New Jersey-based NRG Energy announced Friday it has entered into a definitive agreement to purchase Direct Energy, a North American subsidiary of Centrica PLC for $3.265 billion in an all-cash transaction.
The deal builds on NRG’s strategy as a customer-driven integrated energy company, adding 3 million retail customers across 50 states and six Canadian provinces. NRG is one of the largest independent power suppliers in the country, providing electricity and gas to 3.7 million customers.
Beyond nearly doubling the number of homes its serves, the transaction is viewed as reducing the company’s exposure to volatility in prices in the wholesale energy markets. The deal also expands its footprint in the lucrative market along the Eastern Seaboard, including New Jersey where the company has headquarters near Princeton.
“This is a great transaction for NRG,’’ said Mauricio Gutierrez, president and CEO of NRG in an investors’ call with analysts. “It is the right transaction at the right time.’’
The deal expands NRG’s geographical reach and offerings, enhances the company’s cost competitiveness, and should create significant shareholder value, according to Gutierrez.

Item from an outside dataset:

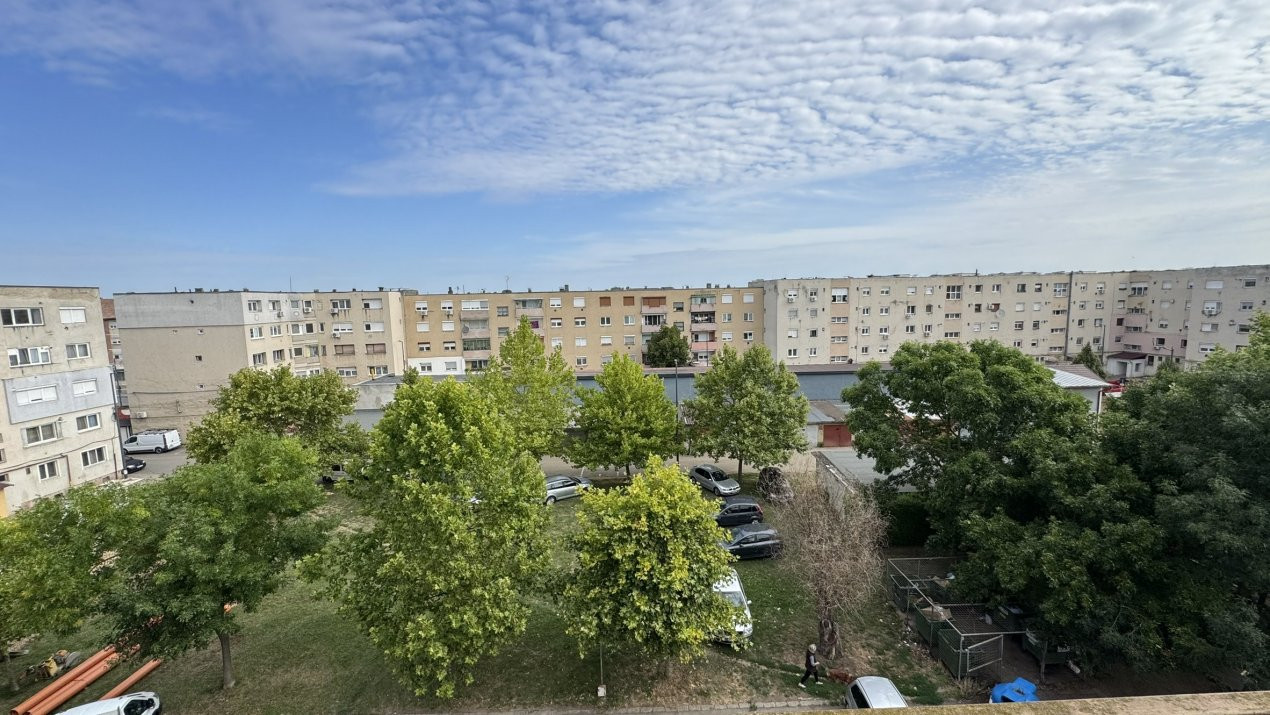 Apartament 3 camere Etaj IV, Str. Bartok Bela MV2 - Carei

With operations in all 50 U.S. states and 6 Canadian provinces, Direct Energy is one of North America’s leading retail providers of electricity, natural gas and business-related products and services. For NRG, it enables the company to better match its power generation with customer demand.
“Some merchant generators are looking to retail as a means of expanding their operations,’’ noted Paul Patterson, an energy analyst at Glenrock Associates in New York. “It is a way of moving further down the food chain.’’
The acquisition comes on the heels of NRG’s deal to buy Stream Energy’s retail and natural gas businesses in 2019 in a $300 million deal.
In acquiring Direct Energy, based in Houston, NRG views the deal as providing substantial regional diversity, broadening its regional platform, including its eastern footprint. The acquisition is also expected to create $300 million in cost savings, according to the company.
The deal may offer opportunities to expand its offerings in the Northeast, including renewable energy options. The transaction is expected to close in 2020.